▶ [ABOUT THIS EXERCISE]
Transcribe the data exactly, stopping after the "PRESTON SUITES by IHG" line.

Segment Start: SOURCE DATA

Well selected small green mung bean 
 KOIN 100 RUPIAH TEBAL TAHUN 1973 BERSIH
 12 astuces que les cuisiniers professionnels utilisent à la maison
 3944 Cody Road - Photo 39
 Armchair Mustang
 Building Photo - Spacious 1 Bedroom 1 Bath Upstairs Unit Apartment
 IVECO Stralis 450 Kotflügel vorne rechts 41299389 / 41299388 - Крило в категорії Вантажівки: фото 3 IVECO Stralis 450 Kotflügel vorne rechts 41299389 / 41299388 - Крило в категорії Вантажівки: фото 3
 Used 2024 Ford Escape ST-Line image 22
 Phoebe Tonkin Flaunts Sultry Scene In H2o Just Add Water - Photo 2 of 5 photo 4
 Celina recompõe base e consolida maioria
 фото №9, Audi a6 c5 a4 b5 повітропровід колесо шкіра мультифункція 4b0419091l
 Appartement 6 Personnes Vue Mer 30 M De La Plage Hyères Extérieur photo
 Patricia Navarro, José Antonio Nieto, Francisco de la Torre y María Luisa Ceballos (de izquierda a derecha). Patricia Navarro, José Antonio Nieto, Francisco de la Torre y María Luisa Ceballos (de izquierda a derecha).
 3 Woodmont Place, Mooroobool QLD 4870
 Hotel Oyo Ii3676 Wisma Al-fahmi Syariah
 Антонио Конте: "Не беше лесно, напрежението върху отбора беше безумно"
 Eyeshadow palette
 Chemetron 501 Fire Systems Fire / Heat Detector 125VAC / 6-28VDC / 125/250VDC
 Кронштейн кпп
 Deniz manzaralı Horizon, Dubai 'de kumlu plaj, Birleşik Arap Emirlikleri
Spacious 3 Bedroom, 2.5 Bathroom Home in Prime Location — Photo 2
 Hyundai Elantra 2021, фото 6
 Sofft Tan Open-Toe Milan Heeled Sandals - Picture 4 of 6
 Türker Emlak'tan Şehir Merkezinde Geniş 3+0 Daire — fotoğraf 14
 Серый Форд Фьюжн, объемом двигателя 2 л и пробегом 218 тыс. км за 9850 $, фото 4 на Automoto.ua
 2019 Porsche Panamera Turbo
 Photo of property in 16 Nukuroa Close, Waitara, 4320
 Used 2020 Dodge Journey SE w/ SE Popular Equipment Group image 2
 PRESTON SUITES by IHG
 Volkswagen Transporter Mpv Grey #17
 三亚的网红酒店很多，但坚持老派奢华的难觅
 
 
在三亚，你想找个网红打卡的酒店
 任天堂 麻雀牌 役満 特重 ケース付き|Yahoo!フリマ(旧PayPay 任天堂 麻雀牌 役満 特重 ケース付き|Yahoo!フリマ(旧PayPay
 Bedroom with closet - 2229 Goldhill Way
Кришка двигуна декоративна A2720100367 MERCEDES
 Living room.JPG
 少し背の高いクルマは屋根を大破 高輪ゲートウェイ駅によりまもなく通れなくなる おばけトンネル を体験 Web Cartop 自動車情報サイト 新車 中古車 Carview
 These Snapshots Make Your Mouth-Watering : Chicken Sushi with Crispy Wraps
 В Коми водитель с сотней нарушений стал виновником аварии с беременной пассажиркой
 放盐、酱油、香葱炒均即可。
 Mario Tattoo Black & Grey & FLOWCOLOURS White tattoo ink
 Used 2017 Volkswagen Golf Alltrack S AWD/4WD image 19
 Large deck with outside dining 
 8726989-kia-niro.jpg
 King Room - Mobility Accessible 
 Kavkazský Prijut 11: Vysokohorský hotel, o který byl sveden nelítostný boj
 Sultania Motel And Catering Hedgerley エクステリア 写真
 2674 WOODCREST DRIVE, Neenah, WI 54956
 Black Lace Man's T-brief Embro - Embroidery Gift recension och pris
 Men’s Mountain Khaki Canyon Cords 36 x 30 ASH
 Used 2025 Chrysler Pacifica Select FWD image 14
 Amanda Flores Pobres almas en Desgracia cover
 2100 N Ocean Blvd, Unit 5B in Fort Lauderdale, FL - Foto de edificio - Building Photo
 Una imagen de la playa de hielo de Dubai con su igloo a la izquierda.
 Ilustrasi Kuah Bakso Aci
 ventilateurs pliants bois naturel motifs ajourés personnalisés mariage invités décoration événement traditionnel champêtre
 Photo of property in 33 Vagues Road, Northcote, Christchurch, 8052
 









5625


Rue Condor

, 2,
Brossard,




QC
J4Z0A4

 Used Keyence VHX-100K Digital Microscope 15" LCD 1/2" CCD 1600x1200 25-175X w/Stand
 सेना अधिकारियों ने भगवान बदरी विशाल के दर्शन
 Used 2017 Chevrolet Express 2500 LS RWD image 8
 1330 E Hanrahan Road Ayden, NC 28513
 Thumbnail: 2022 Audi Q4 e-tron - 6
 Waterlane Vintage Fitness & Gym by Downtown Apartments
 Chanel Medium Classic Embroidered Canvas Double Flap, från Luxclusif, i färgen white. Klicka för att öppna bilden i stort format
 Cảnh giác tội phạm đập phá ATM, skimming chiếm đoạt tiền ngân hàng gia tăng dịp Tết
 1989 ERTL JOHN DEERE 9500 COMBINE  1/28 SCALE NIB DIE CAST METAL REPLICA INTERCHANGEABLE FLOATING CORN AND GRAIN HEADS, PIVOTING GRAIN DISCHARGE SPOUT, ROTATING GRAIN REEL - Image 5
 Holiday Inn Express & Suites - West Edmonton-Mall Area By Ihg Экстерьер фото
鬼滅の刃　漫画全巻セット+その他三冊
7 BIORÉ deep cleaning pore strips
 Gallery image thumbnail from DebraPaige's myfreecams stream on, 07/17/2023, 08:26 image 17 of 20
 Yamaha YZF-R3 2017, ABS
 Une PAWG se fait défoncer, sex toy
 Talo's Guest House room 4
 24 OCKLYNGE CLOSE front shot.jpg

Segment End: SOURCE DATA

▶ [SOLUTION TO THIS EXERCISE]
Well selected small green mung bean 
 KOIN 100 RUPIAH TEBAL TAHUN 1973 BERSIH
 12 astuces que les cuisiniers professionnels utilisent à la maison
 3944 Cody Road - Photo 39
 Armchair Mustang
 Building Photo - Spacious 1 Bedroom 1 Bath Upstairs Unit Apartment
 IVECO Stralis 450 Kotflügel vorne rechts 41299389 / 41299388 - Крило в категорії Вантажівки: фото 3 IVECO Stralis 450 Kotflügel vorne rechts 41299389 / 41299388 - Крило в категорії Вантажівки: фото 3
 Used 2024 Ford Escape ST-Line image 22
 Phoebe Tonkin Flaunts Sultry Scene In H2o Just Add Water - Photo 2 of 5 photo 4
 Celina recompõe base e consolida maioria
 фото №9, Audi a6 c5 a4 b5 повітропровід колесо шкіра мультифункція 4b0419091l
 Appartement 6 Personnes Vue Mer 30 M De La Plage Hyères Extérieur photo
 Patricia Navarro, José Antonio Nieto, Francisco de la Torre y María Luisa Ceballos (de izquierda a derecha). Patricia Navarro, José Antonio Nieto, Francisco de la Torre y María Luisa Ceballos (de izquierda a derecha).
 3 Woodmont Place, Mooroobool QLD 4870
 Hotel Oyo Ii3676 Wisma Al-fahmi Syariah
 Антонио Конте: "Не беше лесно, напрежението върху отбора беше безумно"
 Eyeshadow palette
 Chemetron 501 Fire Systems Fire / Heat Detector 125VAC / 6-28VDC / 125/250VDC
 Кронштейн кпп
 Deniz manzaralı Horizon, Dubai 'de kumlu plaj, Birleşik Arap Emirlikleri
Spacious 3 Bedroom, 2.5 Bathroom Home in Prime Location — Photo 2
 Hyundai Elantra 2021, фото 6
 Sofft Tan Open-Toe Milan Heeled Sandals - Picture 4 of 6
 Türker Emlak'tan Şehir Merkezinde Geniş 3+0 Daire — fotoğraf 14
 Серый Форд Фьюжн, объемом двигателя 2 л и пробегом 218 тыс. км за 9850 $, фото 4 на Automoto.ua
 2019 Porsche Panamera Turbo
 Photo of property in 16 Nukuroa Close, Waitara, 4320
 Used 2020 Dodge Journey SE w/ SE Popular Equipment Group image 2
 PRESTON SUITES by IHG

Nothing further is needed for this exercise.